8. The defendants concede that the ultimate judgment sum exceeds the plaintiff's Calderbank offer of 29 April 2004, if only by $4,194, or about 0.5%. They argue that the offer should not be given effect to, for a number of reasons. First, they say, there was a considerable increase in the plaintiff's special damages between the date of the offer and the date of judgment. If the action had been heard and judgment given shortly after the Calderbank offer, assuming the same findings of fact, the judgment sum would have been considerably less than the offer.
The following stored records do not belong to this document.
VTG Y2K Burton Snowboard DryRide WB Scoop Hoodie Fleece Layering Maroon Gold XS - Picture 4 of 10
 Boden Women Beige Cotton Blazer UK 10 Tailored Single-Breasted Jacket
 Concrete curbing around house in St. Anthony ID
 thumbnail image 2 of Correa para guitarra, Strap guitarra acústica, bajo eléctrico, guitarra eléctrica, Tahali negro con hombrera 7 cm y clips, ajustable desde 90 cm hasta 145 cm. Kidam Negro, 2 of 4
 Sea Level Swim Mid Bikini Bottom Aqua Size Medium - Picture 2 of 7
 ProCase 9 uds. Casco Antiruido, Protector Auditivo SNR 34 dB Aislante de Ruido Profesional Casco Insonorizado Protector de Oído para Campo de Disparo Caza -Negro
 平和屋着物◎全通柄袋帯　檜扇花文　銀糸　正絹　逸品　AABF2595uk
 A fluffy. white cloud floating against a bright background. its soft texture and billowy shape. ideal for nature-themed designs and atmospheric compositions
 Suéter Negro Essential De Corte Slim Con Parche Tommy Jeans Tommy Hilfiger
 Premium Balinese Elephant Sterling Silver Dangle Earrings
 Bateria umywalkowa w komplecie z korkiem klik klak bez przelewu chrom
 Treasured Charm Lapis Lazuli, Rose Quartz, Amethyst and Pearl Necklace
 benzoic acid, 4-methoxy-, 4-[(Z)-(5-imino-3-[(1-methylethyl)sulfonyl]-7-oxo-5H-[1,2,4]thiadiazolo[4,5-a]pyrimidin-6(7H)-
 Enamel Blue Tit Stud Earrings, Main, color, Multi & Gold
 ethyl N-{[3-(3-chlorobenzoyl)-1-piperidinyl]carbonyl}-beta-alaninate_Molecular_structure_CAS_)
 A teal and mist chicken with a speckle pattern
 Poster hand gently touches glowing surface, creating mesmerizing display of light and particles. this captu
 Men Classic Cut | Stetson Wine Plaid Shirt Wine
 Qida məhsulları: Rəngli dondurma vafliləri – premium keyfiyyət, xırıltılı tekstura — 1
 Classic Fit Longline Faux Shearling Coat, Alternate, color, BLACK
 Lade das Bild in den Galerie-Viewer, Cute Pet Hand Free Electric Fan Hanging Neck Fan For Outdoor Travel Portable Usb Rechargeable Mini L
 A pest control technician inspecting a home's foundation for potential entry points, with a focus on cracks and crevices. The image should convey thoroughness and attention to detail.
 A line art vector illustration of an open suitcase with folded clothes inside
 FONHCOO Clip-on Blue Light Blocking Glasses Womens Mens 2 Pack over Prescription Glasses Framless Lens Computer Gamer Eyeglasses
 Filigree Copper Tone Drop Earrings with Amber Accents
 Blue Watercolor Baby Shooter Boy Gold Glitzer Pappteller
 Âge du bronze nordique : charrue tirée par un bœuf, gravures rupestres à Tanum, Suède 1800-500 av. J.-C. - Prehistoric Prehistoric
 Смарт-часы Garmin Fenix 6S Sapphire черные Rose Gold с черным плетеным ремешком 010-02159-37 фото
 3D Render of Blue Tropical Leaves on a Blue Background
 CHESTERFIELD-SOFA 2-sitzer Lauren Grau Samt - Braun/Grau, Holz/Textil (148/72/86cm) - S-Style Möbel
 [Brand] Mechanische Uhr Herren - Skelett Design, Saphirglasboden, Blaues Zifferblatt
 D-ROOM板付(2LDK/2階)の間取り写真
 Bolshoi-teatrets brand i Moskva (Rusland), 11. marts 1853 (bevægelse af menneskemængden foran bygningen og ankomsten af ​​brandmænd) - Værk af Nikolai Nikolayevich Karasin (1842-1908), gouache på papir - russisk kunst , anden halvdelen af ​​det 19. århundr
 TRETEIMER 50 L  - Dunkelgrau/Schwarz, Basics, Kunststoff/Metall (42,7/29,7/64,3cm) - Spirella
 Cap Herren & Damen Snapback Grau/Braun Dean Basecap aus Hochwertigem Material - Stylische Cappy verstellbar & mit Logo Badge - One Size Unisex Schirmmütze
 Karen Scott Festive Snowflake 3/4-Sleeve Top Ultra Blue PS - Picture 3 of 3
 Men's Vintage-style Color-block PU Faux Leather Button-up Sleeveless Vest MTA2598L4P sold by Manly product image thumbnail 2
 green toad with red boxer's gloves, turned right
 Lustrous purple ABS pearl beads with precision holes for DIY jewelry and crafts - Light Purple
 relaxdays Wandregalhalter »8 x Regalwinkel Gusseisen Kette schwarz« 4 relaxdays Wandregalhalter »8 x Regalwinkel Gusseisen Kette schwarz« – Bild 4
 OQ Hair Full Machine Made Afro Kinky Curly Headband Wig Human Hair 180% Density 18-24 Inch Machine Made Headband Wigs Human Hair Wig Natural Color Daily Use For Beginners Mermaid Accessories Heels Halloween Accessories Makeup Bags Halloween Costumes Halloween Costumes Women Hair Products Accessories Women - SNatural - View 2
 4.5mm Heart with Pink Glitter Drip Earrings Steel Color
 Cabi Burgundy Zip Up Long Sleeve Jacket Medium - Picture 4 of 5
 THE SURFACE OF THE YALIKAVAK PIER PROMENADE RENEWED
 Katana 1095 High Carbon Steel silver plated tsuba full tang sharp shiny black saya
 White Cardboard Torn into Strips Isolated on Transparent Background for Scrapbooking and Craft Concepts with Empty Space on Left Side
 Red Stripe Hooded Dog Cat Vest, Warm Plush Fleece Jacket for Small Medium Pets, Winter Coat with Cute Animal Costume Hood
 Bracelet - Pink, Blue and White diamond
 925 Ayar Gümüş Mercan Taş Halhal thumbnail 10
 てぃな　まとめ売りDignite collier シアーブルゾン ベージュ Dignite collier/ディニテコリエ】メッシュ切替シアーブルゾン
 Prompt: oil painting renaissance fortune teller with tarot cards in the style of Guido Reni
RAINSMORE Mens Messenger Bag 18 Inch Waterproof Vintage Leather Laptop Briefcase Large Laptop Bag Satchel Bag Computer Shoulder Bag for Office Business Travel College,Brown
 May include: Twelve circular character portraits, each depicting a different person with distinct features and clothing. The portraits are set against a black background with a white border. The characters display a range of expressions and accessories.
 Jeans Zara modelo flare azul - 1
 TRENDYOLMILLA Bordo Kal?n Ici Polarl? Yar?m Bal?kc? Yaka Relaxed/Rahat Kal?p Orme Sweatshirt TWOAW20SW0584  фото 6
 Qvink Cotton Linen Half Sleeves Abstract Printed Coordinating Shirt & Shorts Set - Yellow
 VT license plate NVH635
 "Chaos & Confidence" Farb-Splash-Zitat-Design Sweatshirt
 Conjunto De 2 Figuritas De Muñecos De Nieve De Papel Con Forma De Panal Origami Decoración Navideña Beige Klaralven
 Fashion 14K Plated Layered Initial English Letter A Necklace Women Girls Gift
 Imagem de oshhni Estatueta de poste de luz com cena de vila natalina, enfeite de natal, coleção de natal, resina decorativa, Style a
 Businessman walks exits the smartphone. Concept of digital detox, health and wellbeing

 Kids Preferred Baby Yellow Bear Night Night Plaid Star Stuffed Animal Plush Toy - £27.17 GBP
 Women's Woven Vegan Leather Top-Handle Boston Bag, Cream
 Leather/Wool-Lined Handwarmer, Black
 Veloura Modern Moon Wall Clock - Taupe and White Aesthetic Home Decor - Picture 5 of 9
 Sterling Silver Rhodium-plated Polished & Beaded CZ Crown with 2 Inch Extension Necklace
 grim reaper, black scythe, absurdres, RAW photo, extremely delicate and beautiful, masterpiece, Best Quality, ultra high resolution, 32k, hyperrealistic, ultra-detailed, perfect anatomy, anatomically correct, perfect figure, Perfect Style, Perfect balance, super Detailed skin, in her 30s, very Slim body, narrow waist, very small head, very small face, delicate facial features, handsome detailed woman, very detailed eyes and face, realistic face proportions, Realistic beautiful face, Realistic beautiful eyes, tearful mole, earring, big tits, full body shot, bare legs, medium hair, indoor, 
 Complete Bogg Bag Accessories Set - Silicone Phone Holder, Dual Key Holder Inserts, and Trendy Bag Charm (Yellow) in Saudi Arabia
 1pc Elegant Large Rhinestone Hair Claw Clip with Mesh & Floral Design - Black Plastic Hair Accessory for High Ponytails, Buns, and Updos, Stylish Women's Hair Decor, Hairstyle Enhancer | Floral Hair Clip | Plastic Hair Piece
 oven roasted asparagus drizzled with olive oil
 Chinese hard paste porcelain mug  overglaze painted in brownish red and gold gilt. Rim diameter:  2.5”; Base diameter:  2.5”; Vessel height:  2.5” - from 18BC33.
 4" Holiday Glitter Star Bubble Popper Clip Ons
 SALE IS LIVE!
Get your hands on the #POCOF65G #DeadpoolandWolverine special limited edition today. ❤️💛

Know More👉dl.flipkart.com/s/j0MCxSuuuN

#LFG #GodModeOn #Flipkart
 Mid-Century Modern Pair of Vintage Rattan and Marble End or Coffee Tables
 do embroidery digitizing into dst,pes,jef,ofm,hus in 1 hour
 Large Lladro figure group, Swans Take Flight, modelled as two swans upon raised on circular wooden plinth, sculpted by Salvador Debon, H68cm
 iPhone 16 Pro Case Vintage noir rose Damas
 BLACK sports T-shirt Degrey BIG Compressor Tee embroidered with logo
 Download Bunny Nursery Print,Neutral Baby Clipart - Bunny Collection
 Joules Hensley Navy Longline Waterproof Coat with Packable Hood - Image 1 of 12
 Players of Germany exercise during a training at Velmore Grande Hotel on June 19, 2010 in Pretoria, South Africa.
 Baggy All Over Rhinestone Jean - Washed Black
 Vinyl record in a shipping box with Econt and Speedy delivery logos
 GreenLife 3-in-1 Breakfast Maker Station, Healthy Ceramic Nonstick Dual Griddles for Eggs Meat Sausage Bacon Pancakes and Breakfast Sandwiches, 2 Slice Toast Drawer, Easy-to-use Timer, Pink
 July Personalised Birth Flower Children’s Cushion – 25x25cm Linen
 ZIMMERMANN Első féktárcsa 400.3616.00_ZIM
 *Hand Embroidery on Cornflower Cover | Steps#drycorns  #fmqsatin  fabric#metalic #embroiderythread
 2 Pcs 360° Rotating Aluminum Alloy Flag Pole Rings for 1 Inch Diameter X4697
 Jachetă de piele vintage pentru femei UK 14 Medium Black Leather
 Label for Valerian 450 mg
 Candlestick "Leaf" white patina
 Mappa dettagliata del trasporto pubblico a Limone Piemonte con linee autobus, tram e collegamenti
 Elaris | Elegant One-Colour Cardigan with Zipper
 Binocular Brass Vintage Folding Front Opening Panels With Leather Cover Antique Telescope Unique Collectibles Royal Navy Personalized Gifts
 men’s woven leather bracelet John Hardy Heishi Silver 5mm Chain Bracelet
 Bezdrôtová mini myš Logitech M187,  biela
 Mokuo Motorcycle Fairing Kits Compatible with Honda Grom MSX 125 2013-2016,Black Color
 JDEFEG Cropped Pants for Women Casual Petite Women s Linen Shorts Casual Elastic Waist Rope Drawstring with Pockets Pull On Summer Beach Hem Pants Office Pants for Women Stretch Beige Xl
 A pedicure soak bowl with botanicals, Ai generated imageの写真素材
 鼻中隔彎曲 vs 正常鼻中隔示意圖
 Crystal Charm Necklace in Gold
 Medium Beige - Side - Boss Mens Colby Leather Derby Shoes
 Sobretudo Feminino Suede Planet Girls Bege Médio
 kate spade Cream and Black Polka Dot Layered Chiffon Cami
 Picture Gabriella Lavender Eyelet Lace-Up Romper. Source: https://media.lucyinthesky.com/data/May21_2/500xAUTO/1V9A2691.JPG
Secondly, they submit that the offer was so close to the ultimate judgment as not to represent a genuine compromise: see Tickell v Trifleska Pty Ltd (1990) 25 NSWLR 353. At the time it was made, they submit, it represented no compromise at all. Even at the end of the trial, if judgment had been given immediately on the same findings of fact, the judgment sum would have been well short of the offer.
9. Thirdly, the defendants submit that a question to be looked at is whether the defendants' non-acceptance of the offer was unreasonable. They refer to the judgment of Higgins J in Quirk v Bawden [1992] ACTSC 118; (1992) 111 FLR 115, in which his Honour said:
Most litigation, particularly in the area of personal injuries, admits of a range of outcomes. Which of those outcomes will, ultimately, be reflected in the final judgment is a matter upon which the parties might reasonably differ. Indemnity costs should not be used to inhibit either party from litigating an issue reasonably in contention between them. However, neither should parties be permitted to persist in an unrealistic assessment on the chance that the issue or issues in dispute will be determined favourably to them when that view is able to be perceived as unrealistic.
10. Counsel for the defendants submits that a significant issue in the case was the credibility of the plaintiff, and that her credibility was severely undermined by cross-examination and other evidence. I found some of her evidence to be selective and untruthful. I was satisfied that there had been a considerable degree of conscious exaggeration and embellishment motivated by a desire to maximise her damages and perhaps also to justify her role as an invalid.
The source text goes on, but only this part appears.